The gentlemen, as it turns out, are scarcely better. By arriving late for the Ash Wednesday meal, Bruno and his company have missed the ritual passing of the “loving-cup,” which Teofilo counts as an advantage. The idea of sharing a goblet with his fellow diners revolted the fastidiously neat Bruno, who dwells in horrified detail on the way that the men of England gather scraps of food in their beards and neglect to wipe their mouths before drinking.
Against this shadowy background of men gathered in a dark, wood-paneled dining room to exchange their barbarous ceremonies in the last dank vestiges of English winter, the Nolan philosophy and its proponent are intended to blaze like the sun, and they do. At the same time, the unworthiness of Greville’s two donnish guests forces Bruno, in effect, to talk to statues and converse with the living dead. When he begins to speak about Copernicus, they spout adages from Erasmus and shout, “Ad rem, ad rem”—“Get to the point”—with Bruno yelling back, “This IS the point!”
The dialogue’s endless play between dark, light, and shadow broadly emphasizes the Nolan’s ability to shed light everywhere, in order to discern reality from its image, in human nature, in religion, and in the infinite reaches of the heavens.
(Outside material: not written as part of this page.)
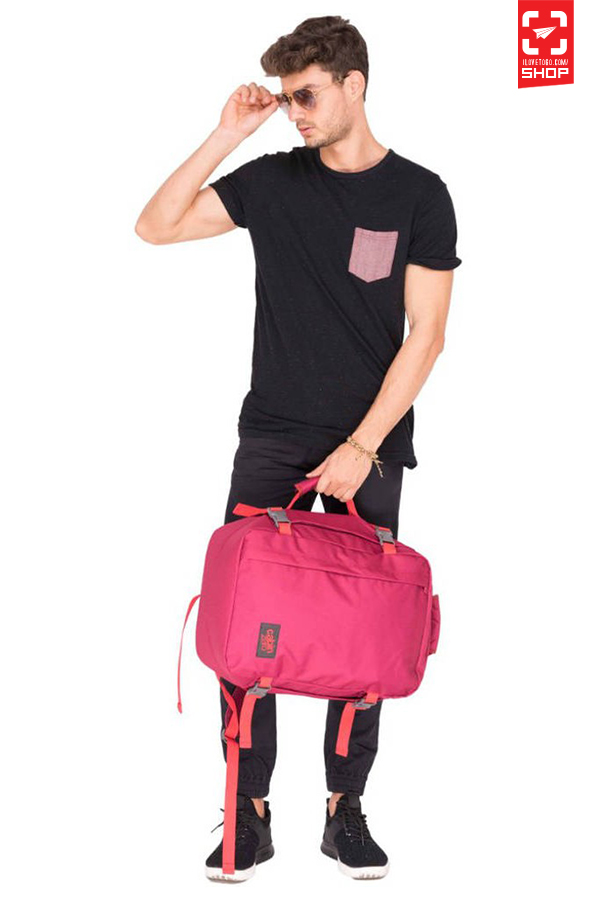 Cabin Zero Classic 36L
Armed with his philosophy, he strikes a sure path through a world of oscillating appearances. His struggles on the streets of London and the waters of the Thames are a symbol, like the dark, dangerous Naples of The Candlemaker, of maneuvering through a world he had once thought was “fine as it is.” That world had since shown him much more of its cruelty, and he aimed his praise of it more at the stars in heaven than at the maelstrom on the ground. He also directed a good measure of praise to himself. To all those who had missed his message in Oxford, Bruno drives home the originality of his ideas, in the words of his character Teofilo. (It is worth remembering that extravagant self-promotion, like extravagant flattery, was frequent among sixteenth-century men, from Benvenuto Cellini, whose biography is a masterpiece of inflated exploits, to Theophrastus Aureolus Bombastus von Hohenheim, alias Paracelsus, who gave the world the adjective “bombastic.”)
Now, what shall I say of the Nolan? Perhaps, when he is as close to me as I am to myself, it is inappropriate for me to praise him? Certainly, there is no reasonable man who would reprove me for that, for on this occasion it is not only appropriate but also necessary.
He goes on, remarkably, to make a stinging condemnation of European colonialism, before contrasting the effects of the Nolan philosophy with the effects of capitalist greed. At the time, England had only begun its colonial explorations; Bruno was writing primarily about Spain and Portugal. He must have read the denunciations of Spanish cruelty in Mexico made by the Dominican Bartolomé de Las Casas—most probably in Naples, where the Dominicans knew a thing or two about Spanish oppression themselves.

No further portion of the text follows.